* [PATCH 1/2] ACPI: APEI: GHES: fix severity namespace in ghes_log_hwerr()
2026-06-17 13:32 [PATCH 0/2] vmcoreinfo: GHES: track fatal hardware errors Breno Leitao
@ 2026-06-17 13:32 ` Breno Leitao
2026-06-17 13:32 ` [PATCH 2/2] vmcore_info: track fatal hardware errors Breno Leitao
2026-06-29 16:02 ` [PATCH 0/2] vmcoreinfo: GHES: " Breno Leitao
2 siblings, 0 replies; 4+ messages in thread
From: Breno Leitao @ 2026-06-17 13:32 UTC (permalink / raw)
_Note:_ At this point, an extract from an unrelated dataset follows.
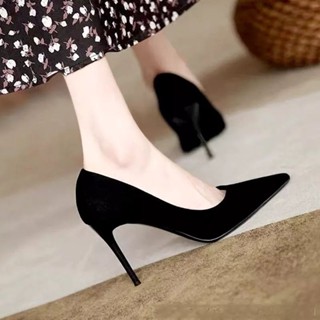 Sale รองเท้าส้นสูงสีดำ ผ้ากำมะหยี่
To: Rafael J. Wysocki, Tony Luck, Borislav Petkov, Hanjun Guo,
Mauro Carvalho Chehab, Shuai Xue, Len Brown, Andrew Morton,
Baoquan He, Mike Rapoport, Pasha Tatashin, Pratyush Yadav,
Dave Young
Cc: linux-acpi, linux-kernel, riel, caggio, kexec, Breno Leitao,
kernel-team
ghes_log_hwerr() receives a GHES_SEV_* value from ghes_severity() but
tests it against CPER_SEV_RECOVERABLE. GHES_SEV_RECOVERABLE is 2 while
CPER_SEV_RECOVERABLE is 0, so every recoverable error is dropped and
only GHES_SEV_NO slips through; nothing useful is recorded through the
APEI/GHES path, which is the only one arm64 has.
Compare against GHES_SEV_RECOVERABLE so recoverable hardware errors are
tracked as intended.
Fixes: 918e1507cff9 ("vmcoreinfo: track and log recoverable hardware errors")
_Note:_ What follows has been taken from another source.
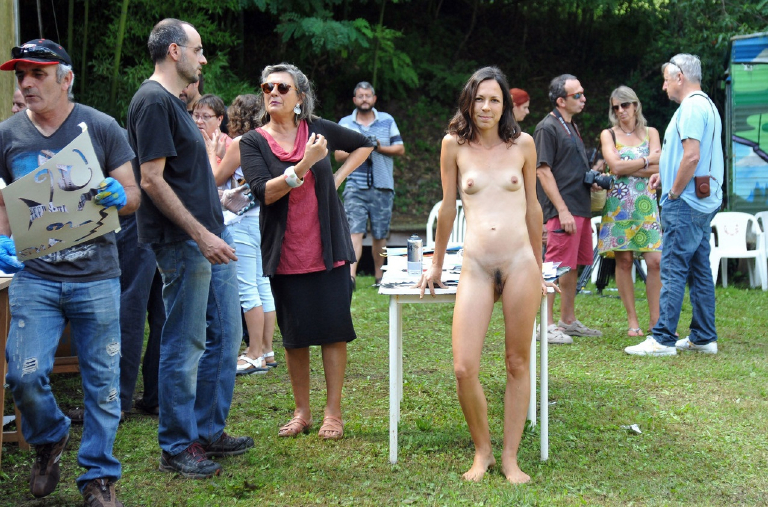 Bild 72752 von Schambereich in Kategorie Public nude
Signed-off-by: Breno Leitao <leitao@debian.org>
---
drivers/acpi/apei/ghes.c | 2 +-
1 file changed, 1 insertion(+), 1 deletion(-)
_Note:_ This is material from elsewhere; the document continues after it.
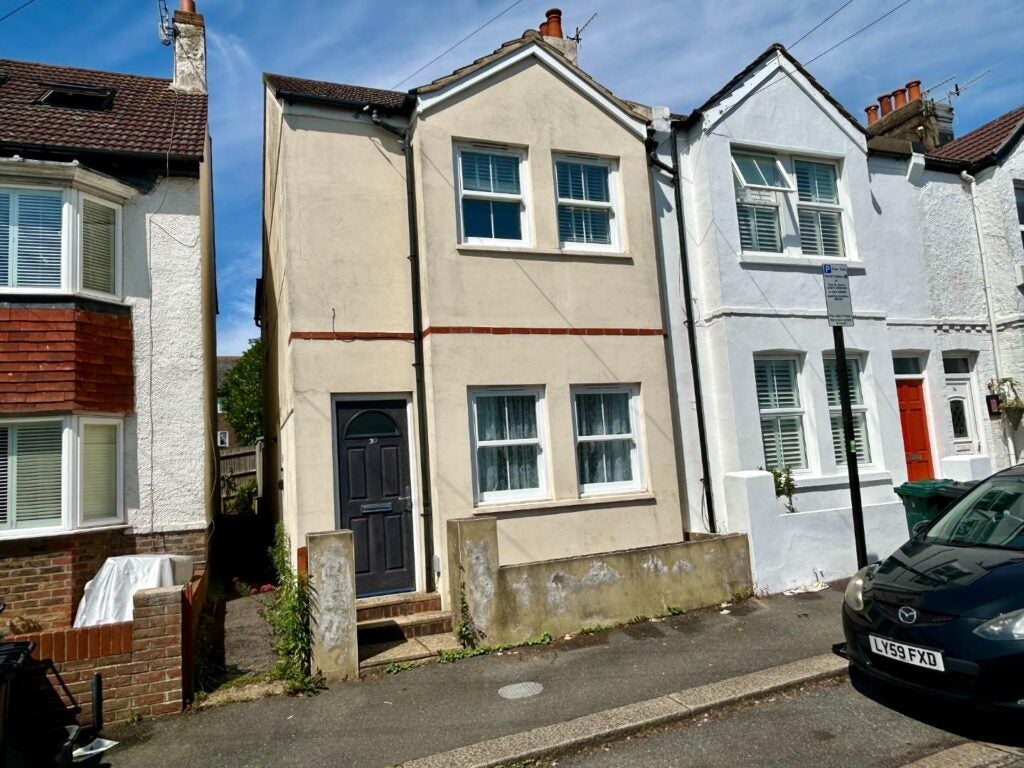 Flat Bolsover Road in Portslade by Sea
diff --git a/drivers/acpi/apei/ghes.c b/drivers/acpi/apei/ghes.c
index 3236a3ce79d6b..f0f9f1529e7aa 100644
--- a/drivers/acpi/apei/ghes.c
+++ b/drivers/acpi/apei/ghes.c
@@ -877,7 +877,7 @@ EXPORT_SYMBOL_NS_GPL(cxl_cper_kfifo_get, "CXL");
static void ghes_log_hwerr(int sev, guid_t *sec_type)
{
- if (sev != CPER_SEV_RECOVERABLE)
+ if (sev != GHES_SEV_RECOVERABLE)
return;
if (guid_equal(sec_type, &CPER_SEC_PROC_ARM) ||
--
2.53.0-Meta
^ permalink raw reply related [flat|nested] 4+ messages in thread* [PATCH 2/2] vmcore_info: track fatal hardware errors
2026-06-17 13:32 [PATCH 0/2] vmcoreinfo: GHES: track fatal hardware errors Breno Leitao
2026-06-17 13:32 ` [PATCH 1/2] ACPI: APEI: GHES: fix severity namespace in ghes_log_hwerr() Breno Leitao
@ 2026-06-17 13:32 ` Breno Leitao
2026-06-29 16:02 ` [PATCH 0/2] vmcoreinfo: GHES: " Breno Leitao
2 siblings, 0 replies; 4+ messages in thread
From: Breno Leitao @ 2026-06-17 13:32 UTC (permalink / raw)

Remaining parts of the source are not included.